Ignorada por la prensa masiva, despojada de glamour y de legitimidad olímpica, la pelota a paleta ha sido un culto de trotamundos y noctámbulos, asociada a garitos y almacenes de ramos generales, una elite anónima y de escasa visibilidad para el deporte espectáculo, para el arte popular y aun para los mitólogos de la vida campera y para los actuales descubridores de patrimonios culturales construidos o intangibles. Paralela a los torneos oficiales, la más apasionante competencia de la pelota se desarrolló en el circuito de los legendarios desafíos por dinero, no demasiado evidente en los clubes más grandes donde el juego era uno entre tantos, pero abierto en las canchas de pueblo y en los clubes de barrio casi exclusivamente destinados a los pelotaris y los juegos de azar. Oscar Messina, un boyero analfabeto y radical del sur de Santa Fe, al que una deformación de su brazo izquierdo y el nombre su pueblo de origen le dieron el apodo de “Manco de Teodelina”, fue en las décadas del ’50 al ’70 el exponente más admirado de este modo de vida bohemio. Luego de los desafíos, el Manco festejaba sus triunfos entre copas y recitados criollos (su otra especialidad) hasta bien entrada la madrugada.
¿Hay una decadencia de la pelota a paleta en la Argentina? Es en todo caso difícil de refutar o de afirmar, si se tiene en cuenta el carácter de cerrada cofradía que tuvo el juego en su historia: ¿cómo medir la decadencia o el auge de un juego que nunca se preocupó por esos parámetros? Puestos a examinar sus debilidades, cabe señalar algunas evidencias:
– El circuito del juego por dinero coloca al deporte en un ámbito ajeno al de la competencia de aficionados, incluso con horarios y ritos asociados de escasa legitimidad social.
– Las canchas ocupan mucho espacio para la cantidad de jugadores que pueden jugar, algo que además, en el caso de clubes o complejos polideportivos, ocasiona fricciones con las otras comunidades deportivas.
– Las canchas, tienen necesariamente dos o tres lados ciegos, lo cual reduce la capacidad de público que puede mirar los partidos. En los Países Vascos se han dispuesto paredes traseras de cristal templado que permiten la observación del partido y hasta su televisación, disposición constructiva que en Argentina pude ser demasiado onerosa en relación a la escasa popularidad del deporte.
– El deporte no es practicado por mujeres, lo cual reduce la posibilidad de juegos mixtos existente en otras disciplinas individuales como el paddle o el squash y en particular el tenis, objeto además de mayor difusión mediática y enorme popularidad.

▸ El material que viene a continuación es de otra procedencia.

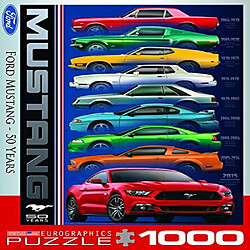 Acheter Eurographics Puzzle modAle Ford Mustang 9 (1000 piAces), (6000-0699)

– La escasa difusión internacional del deporte, limitada a la región, los Países Vascos y México, y además en dichos casos con variantes sustanciales al juego tal como se lo conoce en la Argentina.
Ajenos sin embargo a esta “decadencia”, indiferentes a la ignorancia de los medios y del gran público, inconscientes de ser los continuadores de una cultura popular, los pelotaris argentinos siguen manteniendo en los clubes y en los pueblos la mística de la paleta criolla.